Apples
Last night when I went for a walk
in the old neighborhood
I heard the repressed hum of the garage
door openers
held in abeyance,
watched the designer mailboxes steam
like blocks of dry ice
hurled onto a football field . . .
Then, this morning,
I saw my ex-wife's hand move for a doorknob
and watched my daughter turn her head.
And the white and red towel
with pictures of different kinds of apples
on it appeared folded over the back
of my mother's couch.
What the hell is all this anyway?
And what lesson is buried inside
a moment that suddenly reverses itself mid-river
and you smell the same spray of lilacs over earth mixed with warm skin
but watch a different woman
close and then open her green eyes?
The beach yesterday was the same old beach.

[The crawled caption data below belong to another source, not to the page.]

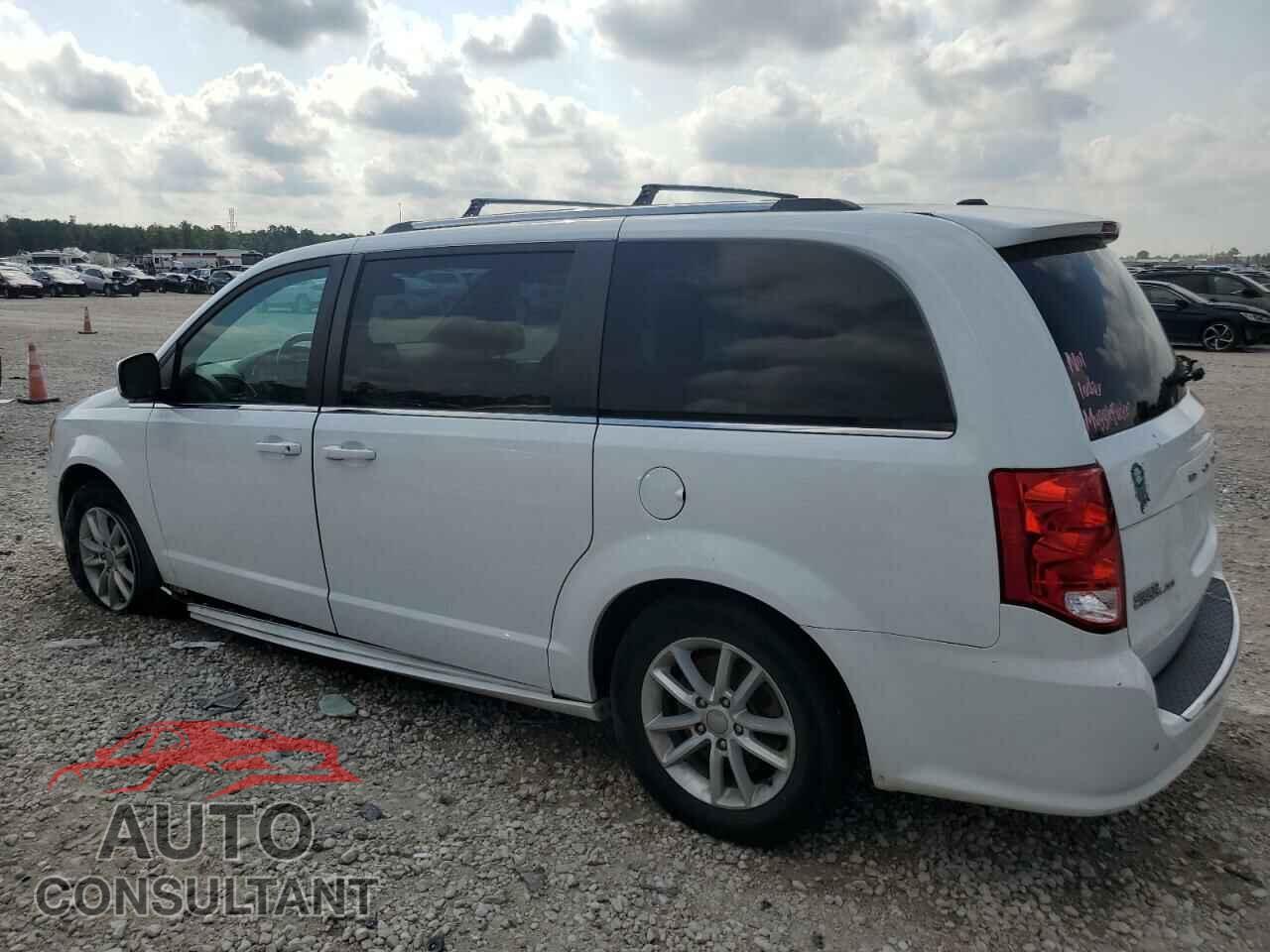 DODGE CARAVAN 2019 - 2C4RDGCG2KR591129
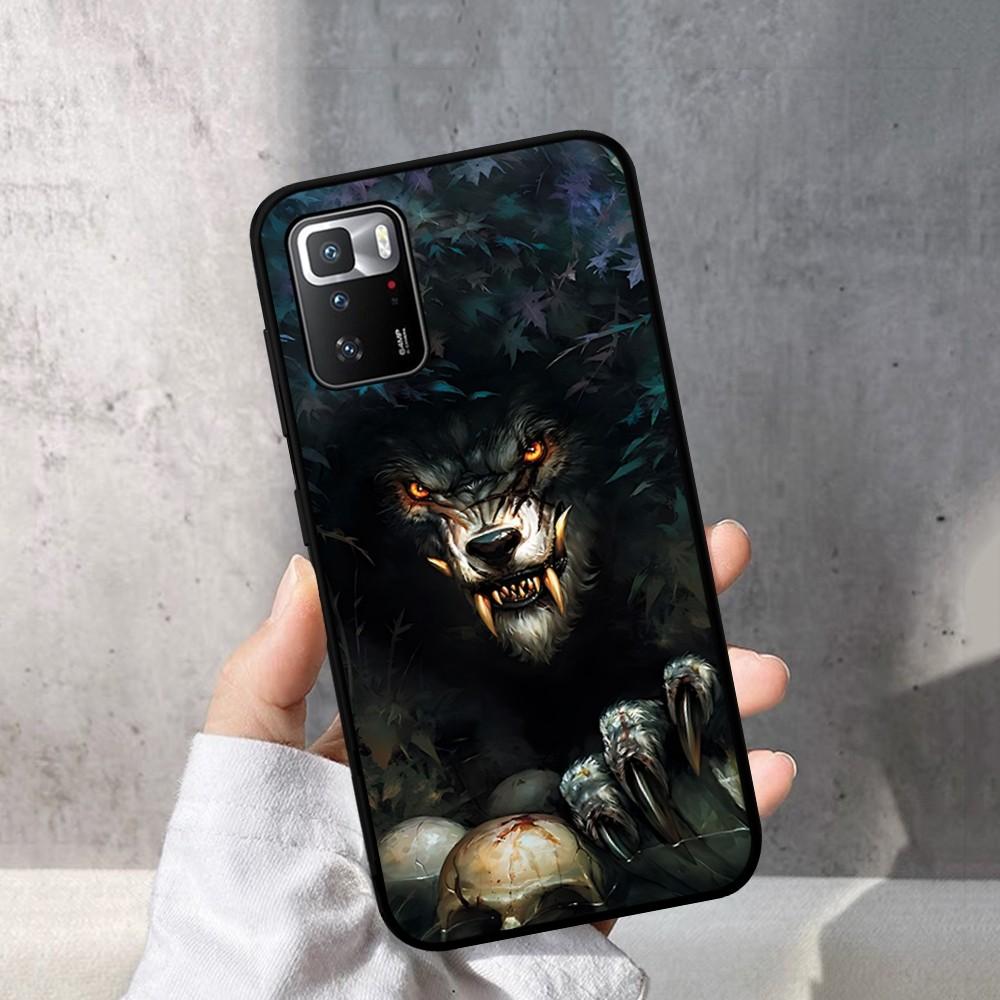 World Of Warcraft Phone Case For Redmi Note 4 X 5 A 6 7 8 T 9 9S 10 11 11S 11Epro Poco M3 Pro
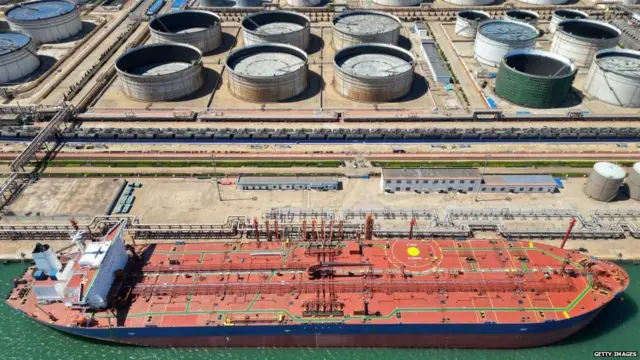 तेल को रिफ़ाइन करना चुनौती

The same blue buckets full of sand,
the same paunchy guy
in an inappropriate speedo with mustache,
the same gray gulls fighting for scraps of food.
Then the clouds rolled in,
a black line blooming out of the formerly undetectable
white horizon,
turning out bellies brown.
And the first big rain drops patted the sand.
That's when we heard the airplane
sputtering--its engine missing
and catching like a backfiring car--
all of us there on the beach, watching it fly
in low just over the dunes.
-David Dodd Lee (Big Toe Review)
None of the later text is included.